| Your goal |
Although the material holds pictures, none belong in the copy; transcribe exactly, and only, the lines from the one with "Baked Catfish with" through the end.
**** Exercise inputs ****
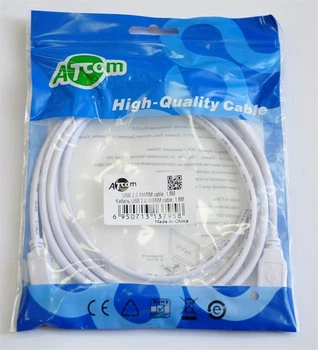 Кабель Atcom USB - USB Type-B V 2.0 (M/M), 1.8 м, феррит, белый (3795) пакет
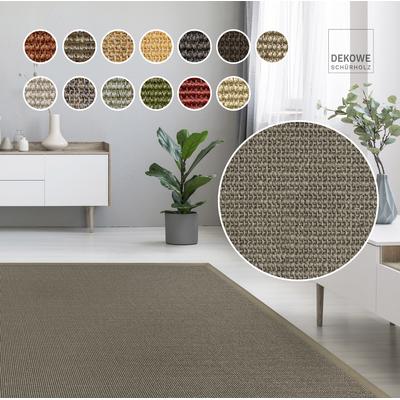 Sisalteppich DEKOWE "Mara S2 mit Bordüre", silber (silberfarben), B:133cm H:5mm L:190cm, Sisal, Teppiche, Sisalteppich, Flachgewebe, Material: 100% Sisal, Wohnzimmer, Kundenliebling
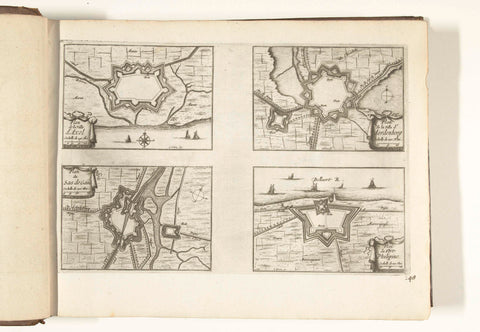 Maps of Axel, Aardenburg, Sas-van-Gent and Philippine, 1726, Laurens Scherm, 1726 Canvas Print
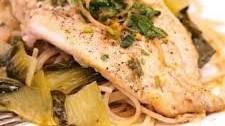 Baked Catfish with Bok Choy, Cilantro and Lime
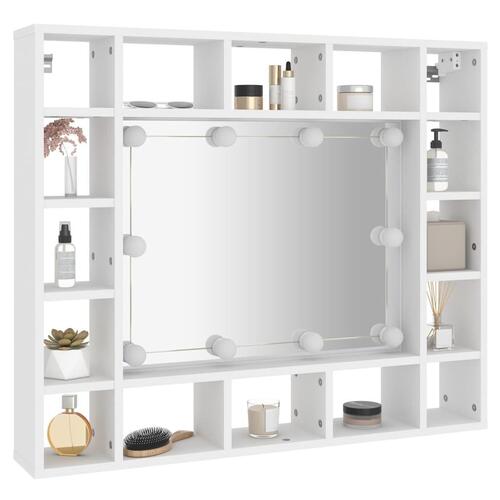 Spejlskab med LED-lys 91x15x76,5 cm hvid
****
| Output |
 Baked Catfish with Bok Choy, Cilantro and Lime
 Spejlskab med LED-lys 91x15x76,5 cm hvid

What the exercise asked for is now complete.